◆ **EXERCISE GOAL**
The entries need to be copied exactly as they stand, images left out.

◆ **RECORDS PROVIDED**
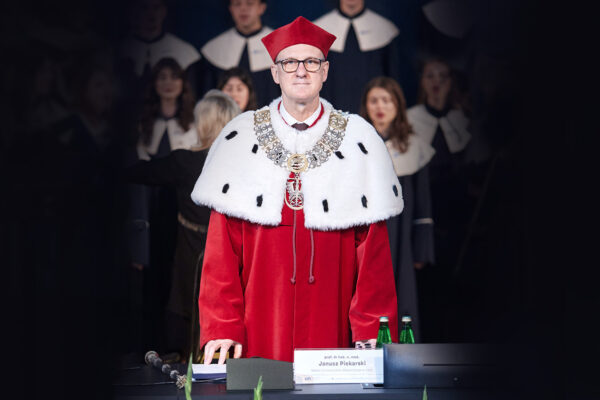 MEDICAL UNIVERSITY OF LODZ MARKS THE START OF THE NEW ACADEMIC YEAR 1
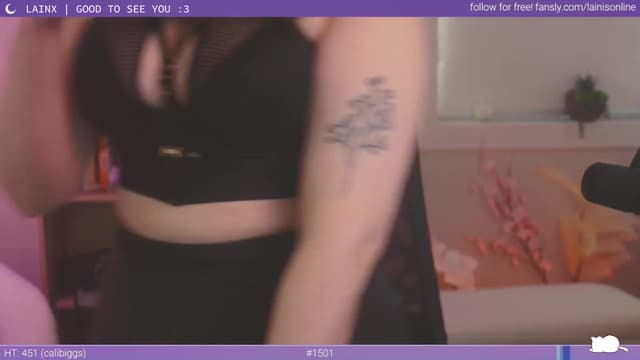 Gallery image thumbnail from Lainx's myfreecams stream on, 11/19/2023, 07:46 image 15 of 20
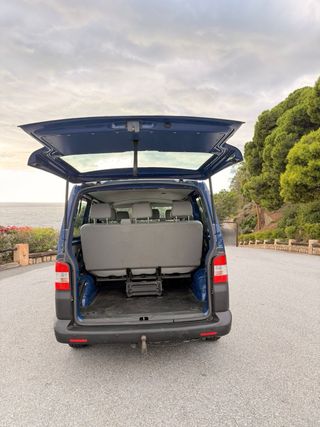 Volkswagen Transporter T5 2012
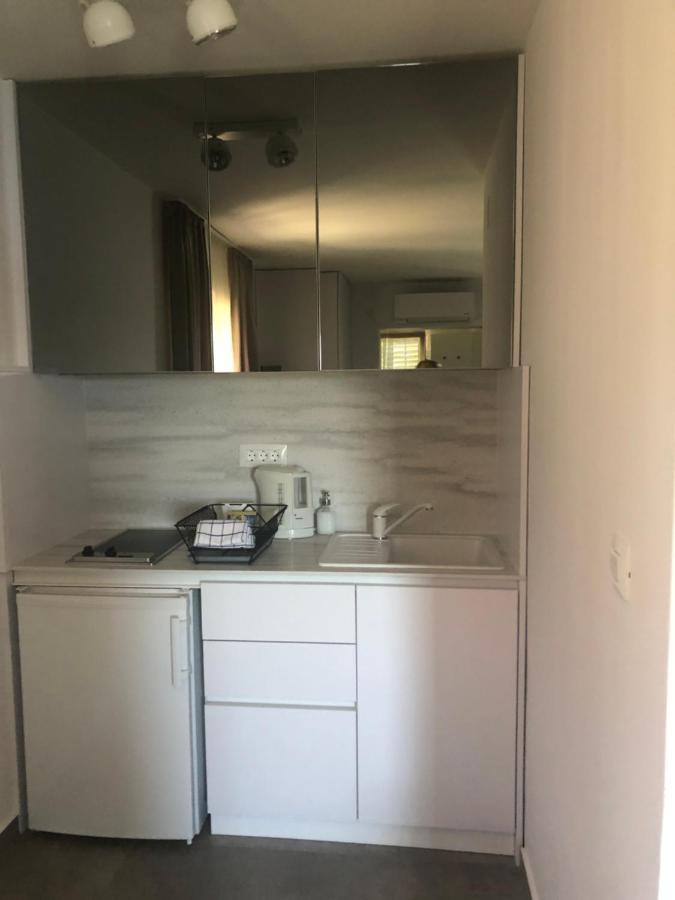 מאלי לוסיניי Apartments & Rooms Bianca מראה חיצוני תמונה
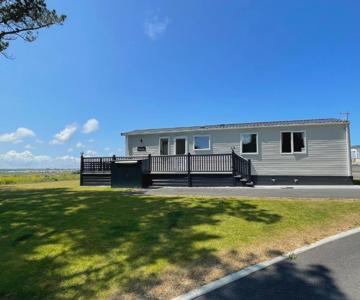 Holiday Home with Stunning Views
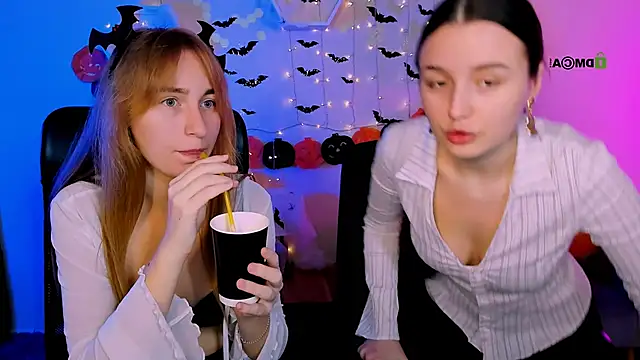 Snapshot of leslie_bird chatting on 10-30-25, 11:11 leslie bird online show from 10-30-25, 11:11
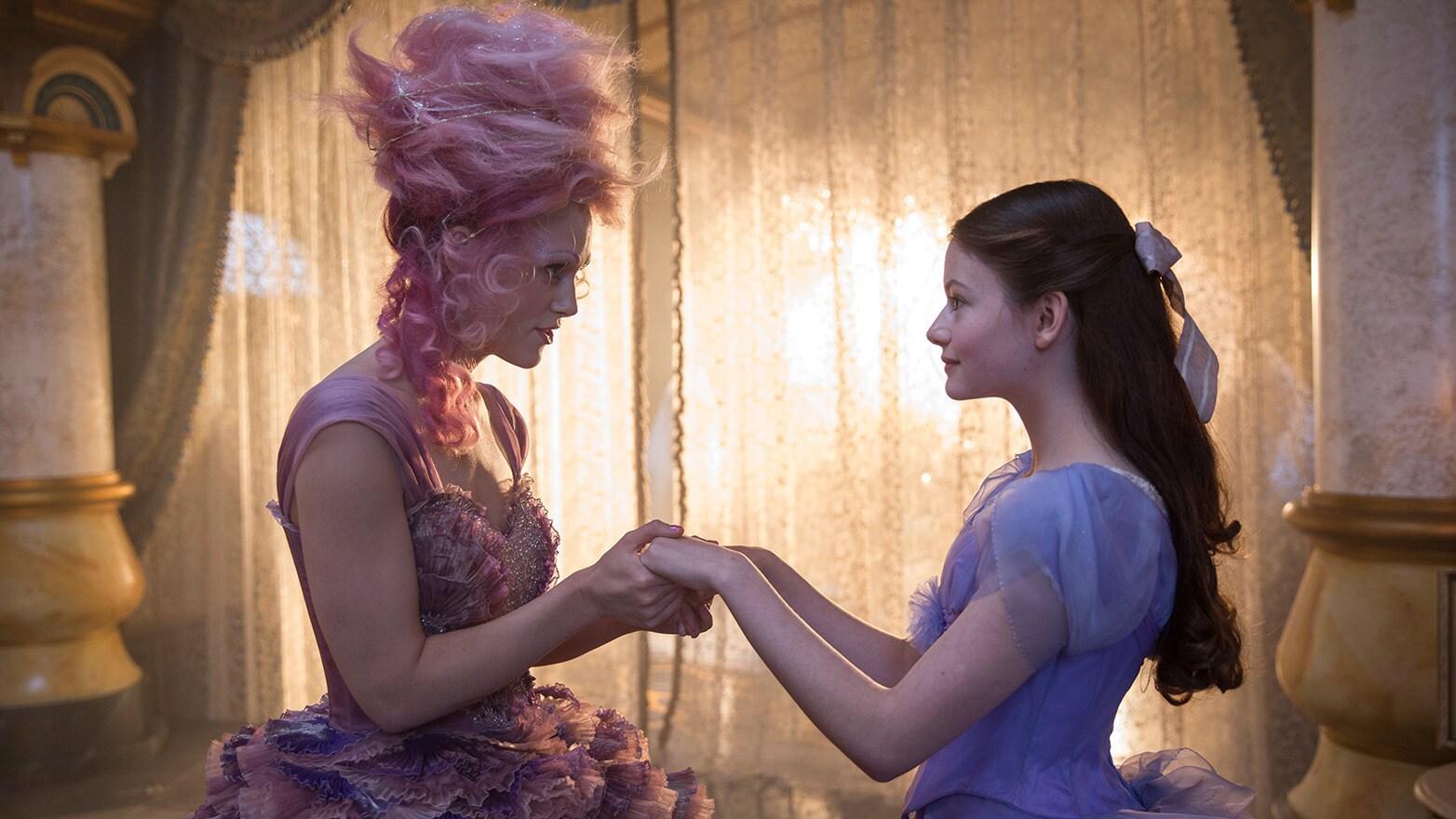 Keira Knightley as the Sugar Plum Fairy and Mackenzie Foy as Clara.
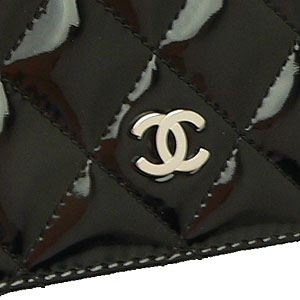 シャネル CHANEL 長財布 二つ折り ココマーク パテント キルティングレザー マトラッセ ブラック A31509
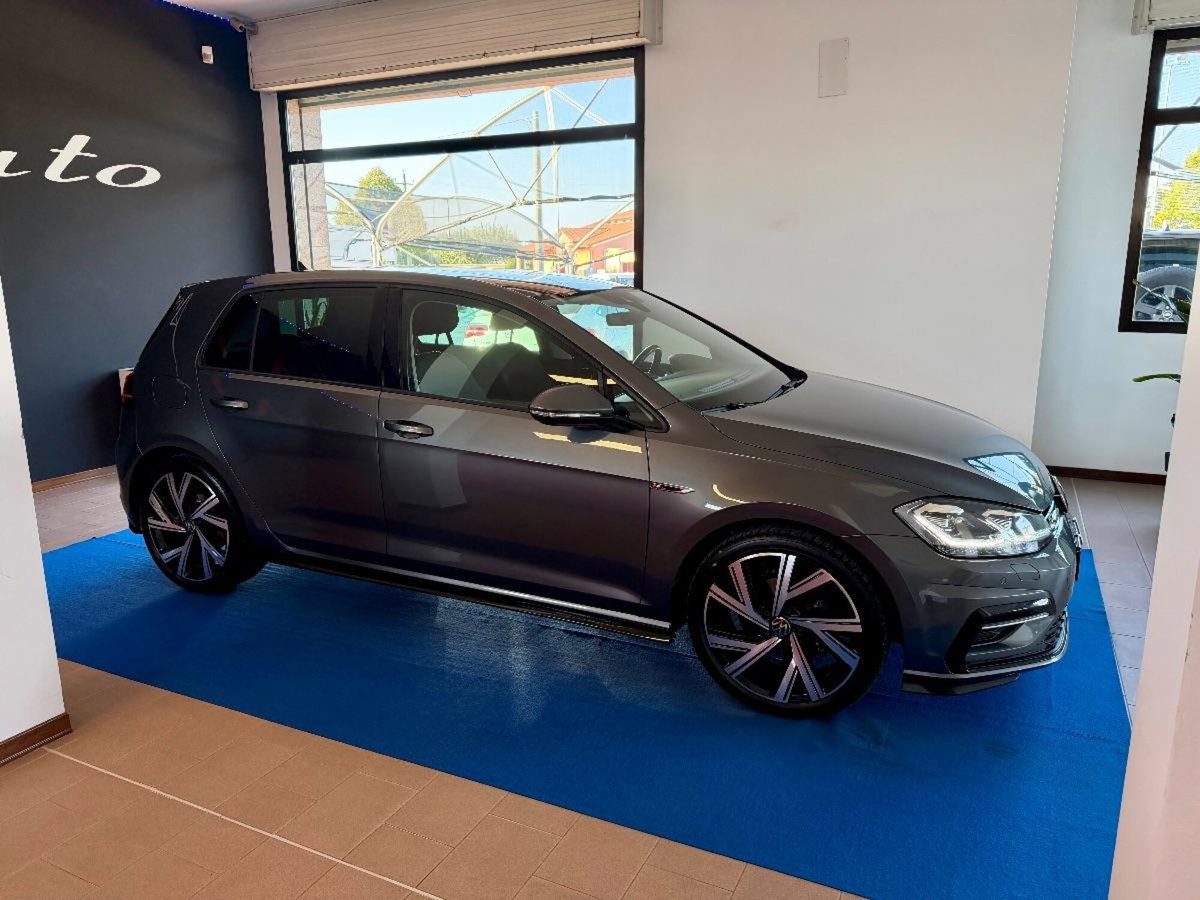 Volkswagen Golf 2.0 TDI DSG 5p. Highline BlueMotion Technology (4)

◆ **ANSWER BOX**
 MEDICAL UNIVERSITY OF LODZ MARKS THE START OF THE NEW ACADEMIC YEAR 1
 Gallery image thumbnail from Lainx's myfreecams stream on, 11/19/2023, 07:46 image 15 of 20
 Volkswagen Transporter T5 2012
 מאלי לוסיניי Apartments & Rooms Bianca מראה חיצוני תמונה
 Holiday Home with Stunning Views
 Snapshot of leslie_bird chatting on 10-30-25, 11:11 leslie bird online show from 10-30-25, 11:11
 Keira Knightley as the Sugar Plum Fairy and Mackenzie Foy as Clara.
 シャネル CHANEL 長財布 二つ折り ココマーク パテント キルティングレザー マトラッセ ブラック A31509
 Volkswagen Golf 2.0 TDI DSG 5p. Highline BlueMotion Technology (4)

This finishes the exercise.